Menurut Koolman dan Rohm (1996), darah menyusun sekitar 8% dari masa tubuh manusia. Darah merupakan suatu jaringan bersifat cair yang terdiri atas sel-sel darah dan plasma sebagai mediumnya. Plasma darah bersifat homogen dan alkali lemah serta terdiri dari garam organik, protein, lemak, hormon, vitamin, enzim serta zat-zat nutrisi lainnya. Sel-sel darah mamalia terdiri dari sel darah merah atau eritrosit, keping darah atau trombosit, dan sel darah putih atau leukosit (Hartono 1989).

Darah mempunyai berbagai fungsi di dalam tubuh manusia. Darah merupakan alat transpor, mempertahankan lingkungan dalam tubuh agar terjaga konstan (homeostasis) dan berperan penting pada pertahanan tubuh terhadap benda-benda asing.

Eritrosit

Eritrosit adalah suatu sel yang berisi hemoglobin dan membawa oksigen dari paru-paru ke seluruh tubuh disebut juga sel darah merah (red blood cell/RBC).

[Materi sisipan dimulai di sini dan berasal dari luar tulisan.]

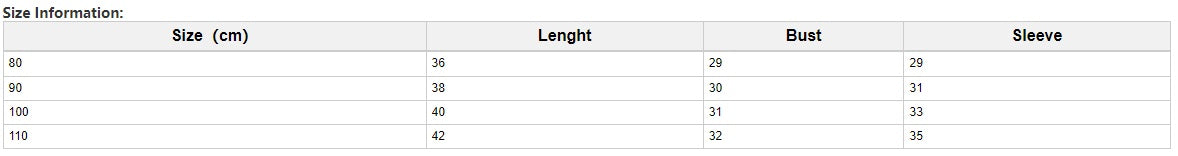Size chart for warm toddler clothes for winter showing length bust and sleeve measurements in centimeters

Di dalam tubuh manusia dalam keadaan diam sekitar 250 ml oksigen dikonsumsi dan 200 ml karbondioksida diproduksi setiap menit, selama latihan jumlah ini meningkat sepuluh kali lipat (Anonim 2006). Warna kemerah-merahan disebabkan oleh kandungan hemoglobin. Eritrosit berbentuk bikonkaf yang

meningkatkan area permukaan sel sehingga memudahkan difusi oksigen dan karbon dioksida. Bentuk ini dipertahankan oleh suatu sitoskeleton yang terdiri atas beberapa protein. Eritrosit sangat fleksibel dan dapat berubah bentuk saat mengalir di dalam kapiler. Eritrosit yang belum matang disebut retikulosit, secara normal terdapat 1-2% dari jumlah sel darah merah di dalam darah. Garis tengah eritrosit manusia adalah 6-8 µm, jauh lebih kecil dibanding hampir seluruh sel manusia. Eritrosit mengandung sekitar 270 juta molekul hemoglobin dengan masing-masing membawa empat kelompok heme (Anonim 2006). Dalam rangka mengikat oksigen, besi yang terdapat pada heme yang mengisi separuh jumlah hemoglobin harus dijaga dalam bentuk tereduksi disamping sebagai agen oksidasi endogen dan eksogen (Anonim 2006).

Plasma darah

Plasma adalah suatu larutan encer yang terdiri atas elektrolit, zat-zat makanan, metabolit, protein, vitamin, elemen pelacak dan hormon. Plasma mengandung banyak sekali ion, molekul anorganik, organik yang sedang diangkut ke berbagai bagian tubuh atau membantu transpor zat-zat lain. Volume plasma normal adalah sekitar 5 % berat badan atau secara kasar 3500 ml (berat badan 70 kg). Plasma akan menggumpal jika didiamkan dan hanya akan bertahan cair jika ditambah antikoagulan (Ganong 2000).

Protein membentuk bagian terbesar komponen yang tidak mudah menguap di dalam plasma darah. Konsentrasinya berkisar antara 60 dan 80 g/L. Dengan demikian sekitar 4 % dari seluruh protein tubuh adalah protein plasma. Di dalam plasma terdapat sekitar 100 protein yang berbeda (Koolman dan Rohm, 2001).